Reputation: 3
I'm writing a cuda c code to process pictures for example i created a swap function (swap blocs of the matrix) but it dos not work every time i thing i have a problem with the number of blocs and number of threads whene i lunch my kernel.
For example if i tak an image of size 2048*2048 with
threadsPerBlock.x=threadsPerBlock.y=64
and numBlocks.x=numBlocks.y=2048/threadsPerBlock.x
then swap<<<threadsPerBlock,numBlocks>>>(...)
works fine.
But if I take an image of size 2560*2160, threadsPerBlock.x=threadsPerBlock.y=64
and numBlocks.x=2560/64
and numBlocks.y=2160/64+1
, I have an error 9 wish is error invalid configuration argument.

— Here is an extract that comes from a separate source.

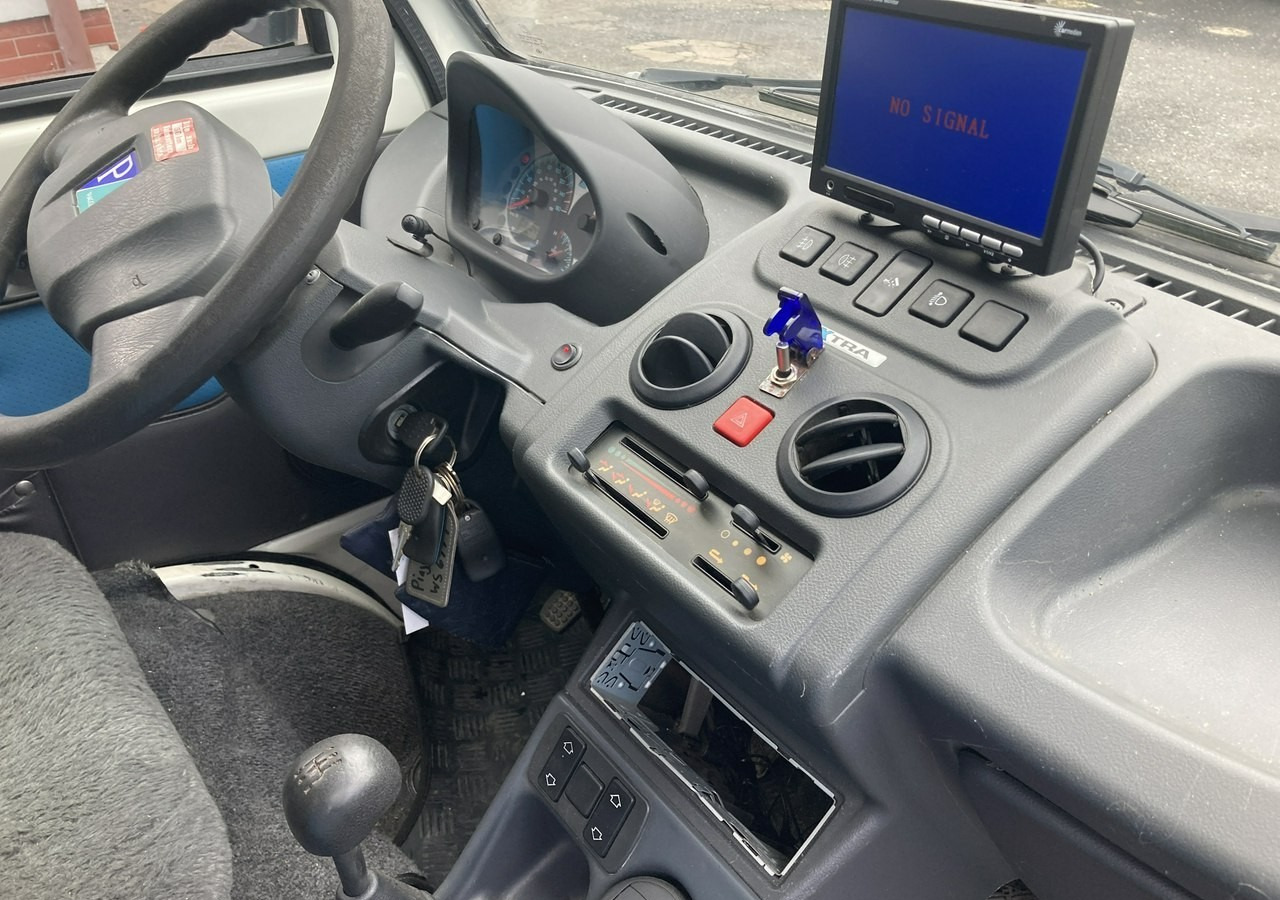 Piaggio Piaggio Porter Śmieciarka Wywrotka 2015 - Benne à ordures ménagères: photos 3 Piaggio Piaggio Porter Śmieciarka Wywrotka 2015 - Benne à ordures ménagères: photos 3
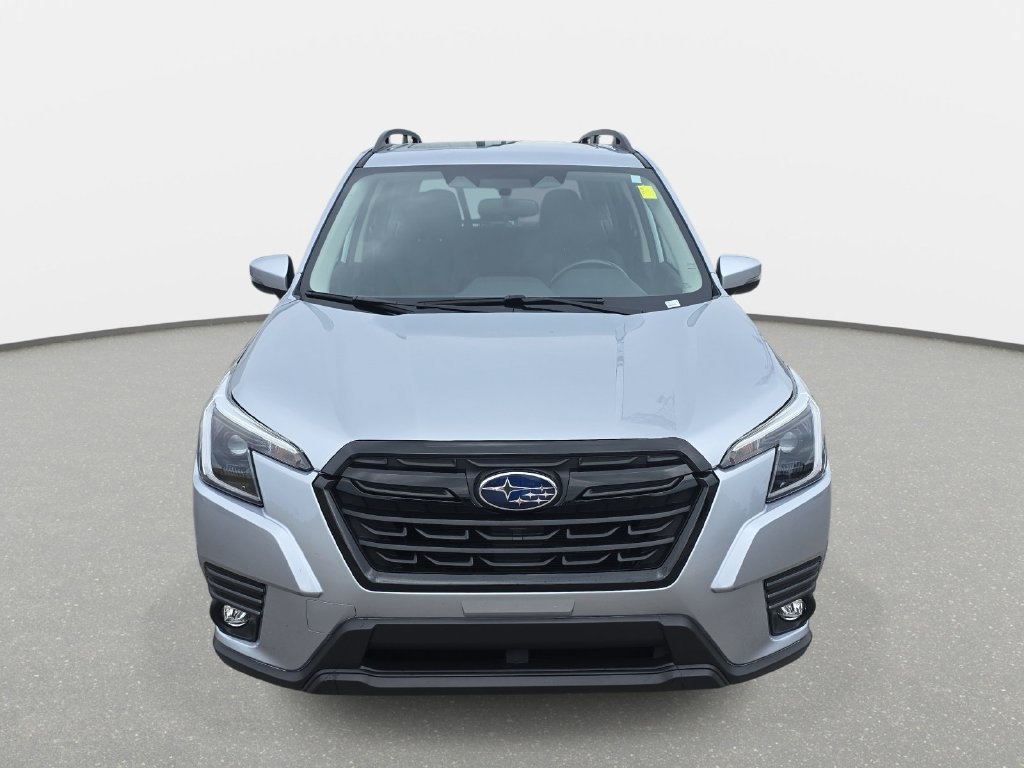 Used 2024 Subaru Forester Limited AWD/4WD image 2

I'm using CUDA 7.5 and a GPU with compute capability 5.0
Upvotes: 0
Views: 1065
Reputation: 72349
The maximum number of threads per block for your compute 5.0 device is 1024. The source of your problem is that you have the arguments in the kernel launch reversed. When the maximum dimension of the image is less than 2048, that gives you a launch with less than 1024 threads per block. Larger than 2048 and the block size becomes illegal
If you do something like this:
threadsPerBlock.x=threadsPerBlock.y=32
numBlocks.x=numBlocks.y=2048/threadsPerBlock.x
swap<<<numBlocks,threadsPerBlock>>>(...)
You should find the kernel launch works unconditionally.
Upvotes: 2